Yehoshua Kenaz
   Returning Old Loves
Novel
Tel Aviv, Am Oved, 1997. 280 pp.

 
Yehoshua Kenaz is recognized both in Israel and abroad as an outstanding novelist. Literary circles and general readership await his every new novel with great anticipation.
Kenaz's outstanding ability to captivate his readers achieves new heights in this novel. With exquisite strokes, Kenaz masterfully arouses feelings of pity, empathy and reconciliation, unfettered by banal sentimentality. Once again Kenaz proves his unfailing ability to unfold an unusual love story, wrapped in mystery and enchantment. A special spell is placed upon the reader, who simultaneously undergoes a gamut of contradictory emotions, including sorrow and humor.
Several plots run in parallel form, sharing common characters. Kenaz skilfully creates a unique structure, in which one plot illuminates the other, coming together in a consummate structure. Basic aspects of human relationships are closely scrutinized; love and passion vie with resentment and violence. All the relationships bear the mark of distortion and disintegration.

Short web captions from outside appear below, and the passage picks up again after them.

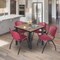 Regency Square Kee Breakroom Table W/ 4 M Stack Chairs, 48 in W, 48 in L, Noble Oak TB4848NOBPBK47BY - alternate 4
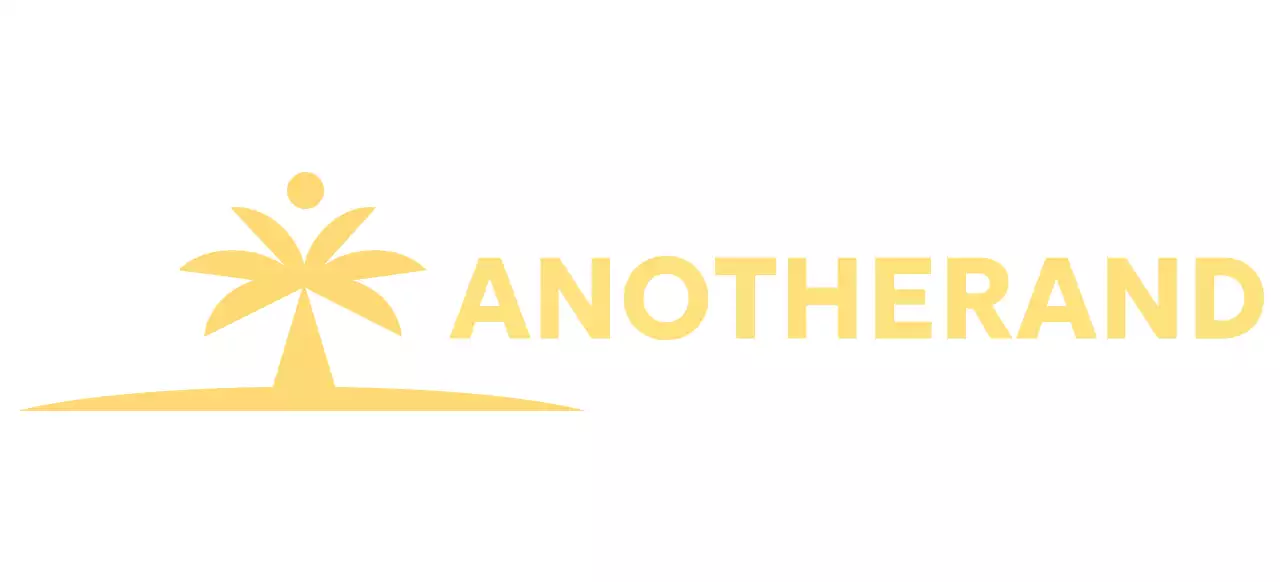 Briefpapierentwurf mit einer Insel mit Palmen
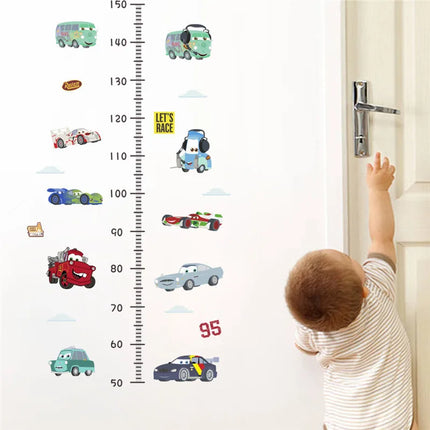Disney Cartoon Cars Lighting McQueen 3D Wall Sticke s For Kids Room Home Bedroom PVC Decor Cartoon Movie Mural Art Decals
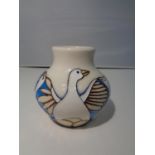 A MOORCROFT VASE 'SIX GEESE'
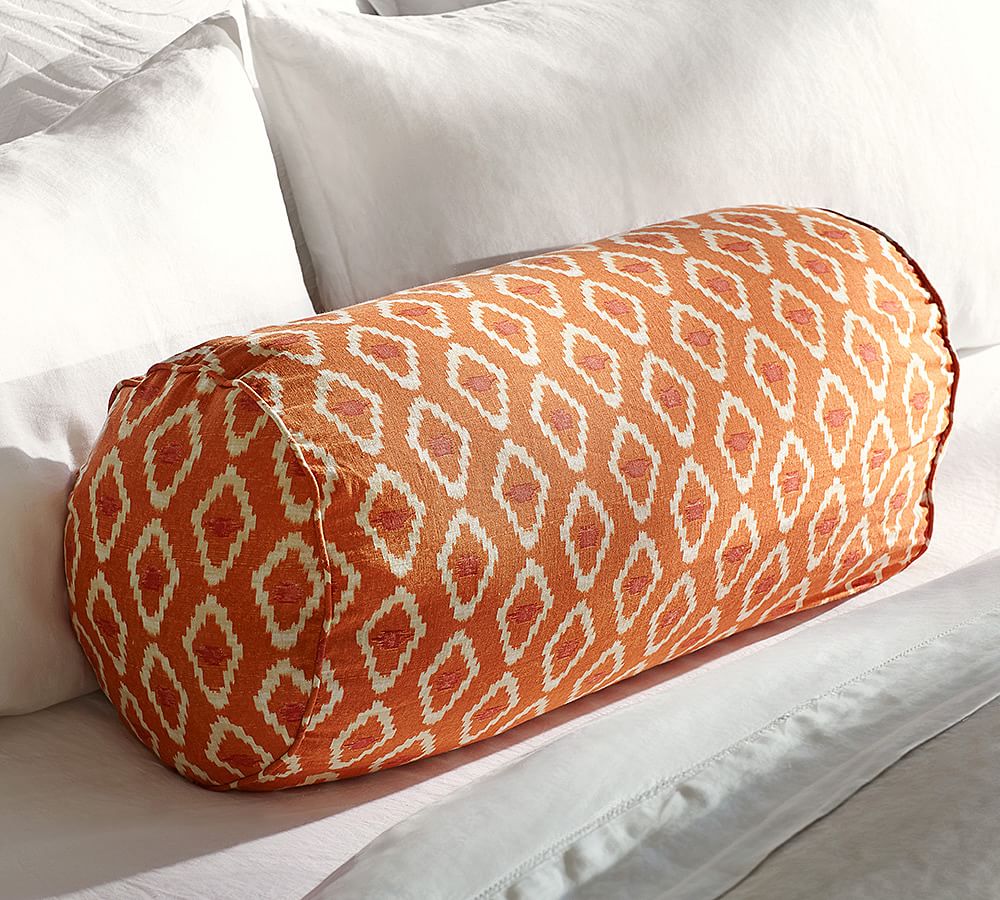Diamond Ikat Bolster Decorative Pillow Cover Pottery Barn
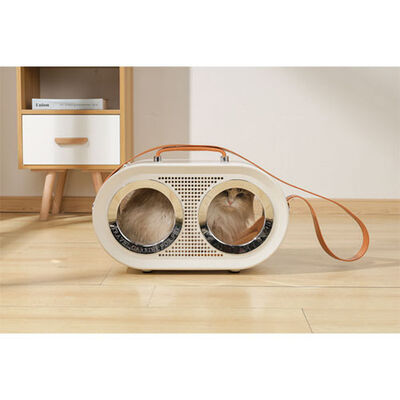 M-Pets Radio Pet Carrier Stylish Travel Bag White 50x23x31 cm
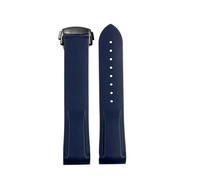 POYNMRE 20mm 22mm Rubber Silicone Watch Bands Compatible With Omega Seamaster 300 Speedmaster Strap Compatible With Seiko HAMILTON Watchband Moon(Blue black,22mm)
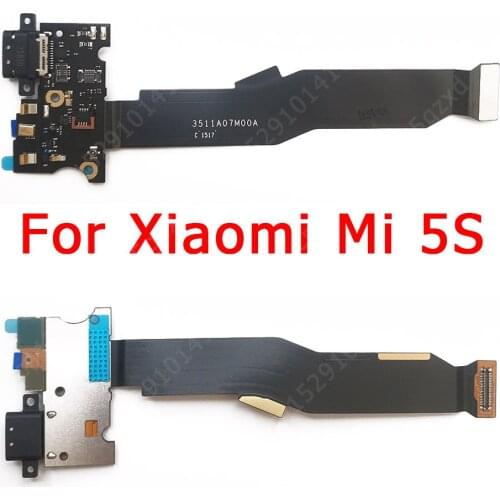 Original Charge Board for Xiaomi Mi 5S Mi5S USB PCB Dock Connector Flex Cable Replacement Spare Parts Charging Port for Mi 5S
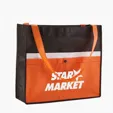 Evans Non-Woven Tote Bag with Pocket, 14" x 16" x 5" — view 4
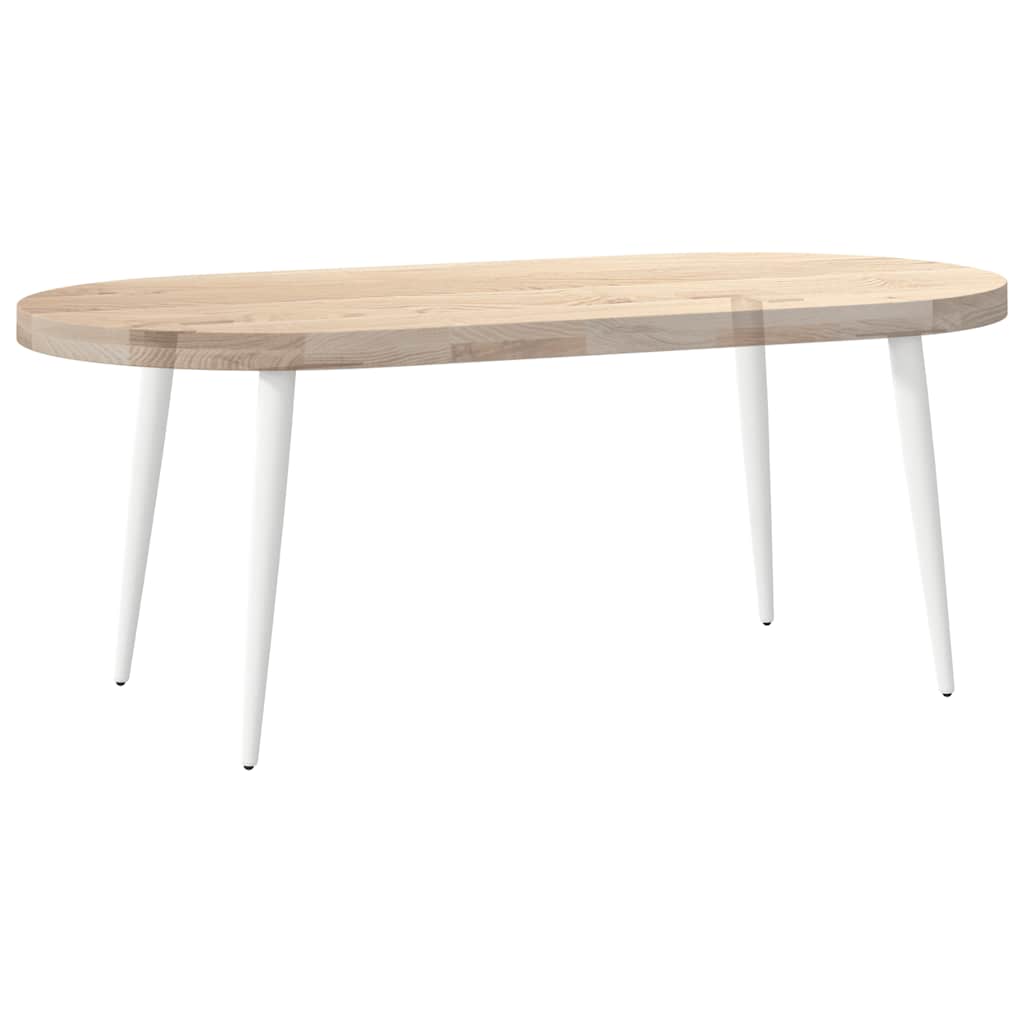 vidaXL Nogi do stolika kawowego w kształcie stożka 4 szt. Białe 30-31 cm Stal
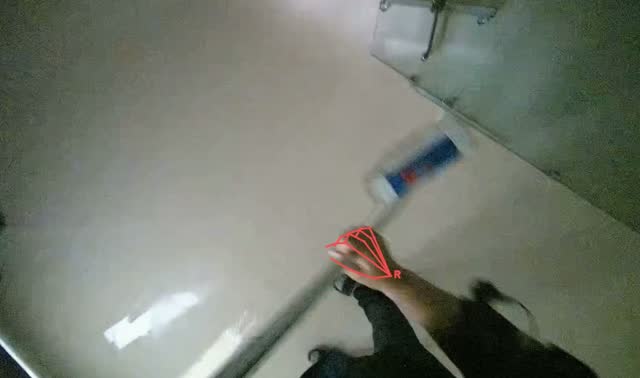 Mopping hallway floor: egocentric robotics sample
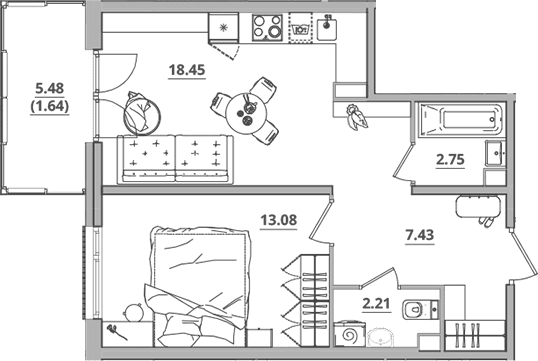 Планировка квартиры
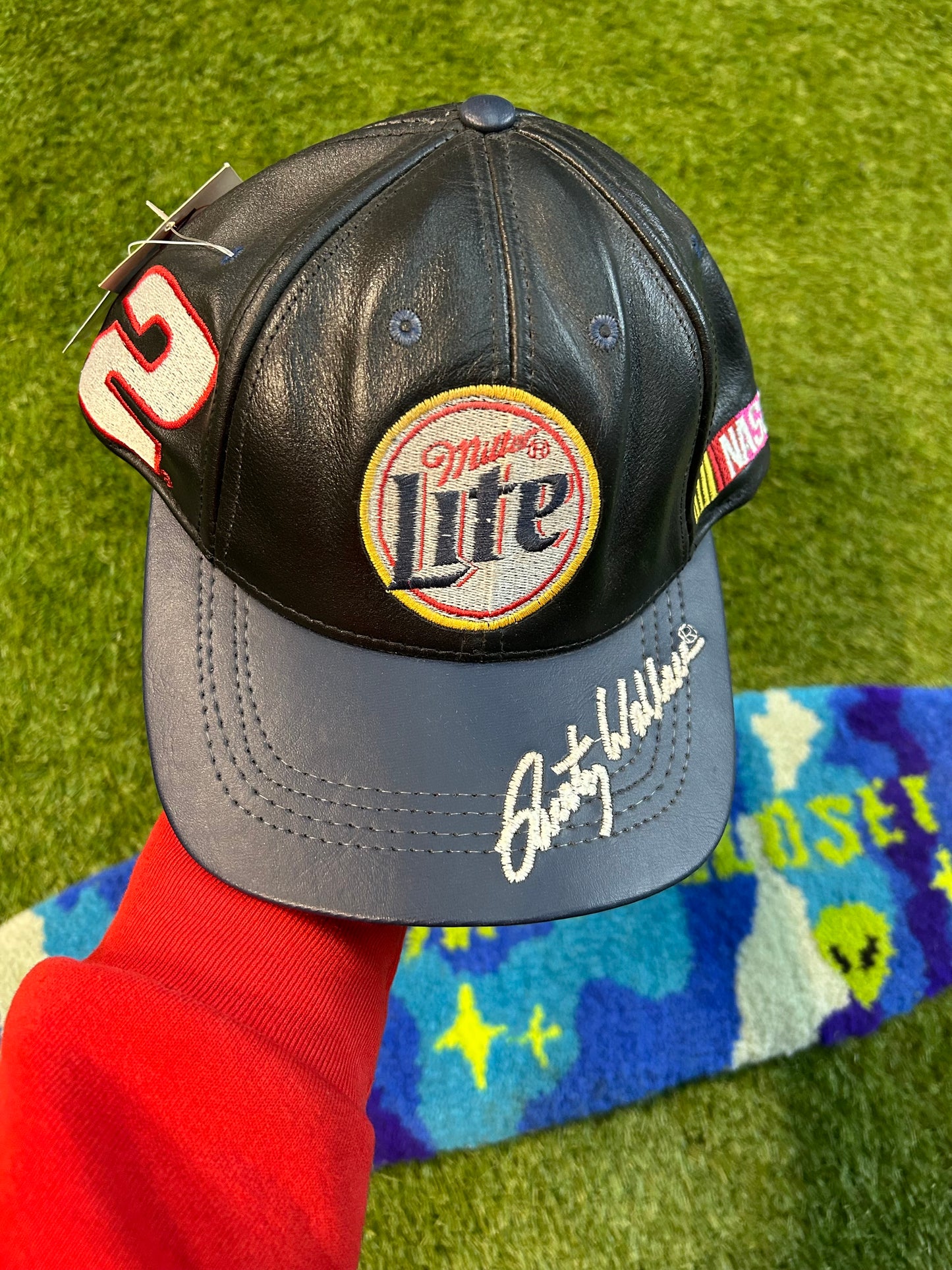 Vintage Rusty Wallace Miller Lite #2 NASCAR Leather Hat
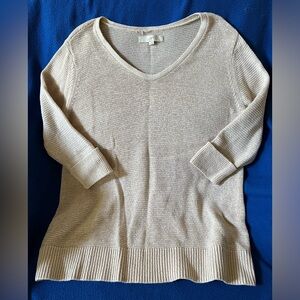 LOFT V-Neck Knit Sweater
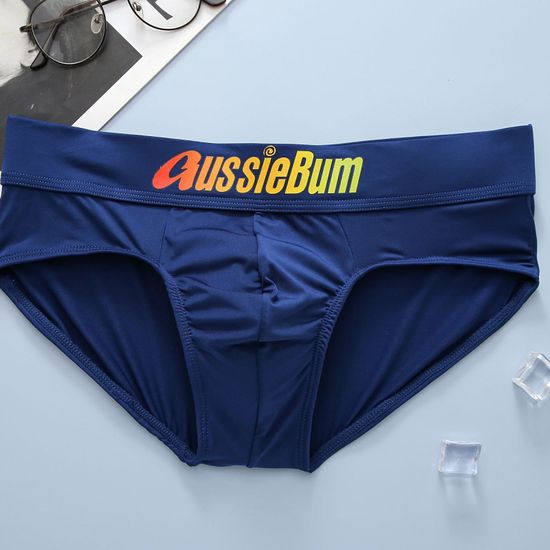 Мужские трусы брифы темно-синие AussieBum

The central love story pivots between a beautiful woman past the first flush of youth and her married lover, with whom she meets in a love-nest. Next door resides a miserable bachelor whose love for the woman remains unrequited. In a fit of rage, the bachelor rapes and murders a Filipino cleaning woman who happens to be at the flat. This woman is a central character in a parallel plot; she is the caretaker of an elderly invalid. The old man, who is the father of the lover in the first story, draws his reason for living from the simple Filipino helper and is devastated by her death.
Yet another parallel plot unfolds the story of a bitter old man who lives in the same building and derives bizarre satisfaction from his battle with tenants who illegally built a basement flat. The contractor who built the apartment, which is subsequently flooded, is the hero of another plot centred on the relationship between father and son. The son is an army deserter and the father is torn between love for his son and duty to his country. Reconciliation rules the day, with the father accompanying his son when he decides to turn himself in. The first love story, however, ends in failure, shattering the woman's hopes.

 
About the Book
 
Yediot Aharonot called the book: "One of the greatest and most significant novels of the past few decades, a work of artistry that should serve as a benchmark for every true novelist." The Jerusalem Post wrote: "Simply an excellent novel. Serious, intelligent, well crafted and original." Adam Baruch writing in Ma'ariv said:"Kenaz' careful and precise movement between the private and the panoramic, between the occurrence and the overall plot, the facts and their significance, is what makes Evoking Old Loves a true gem.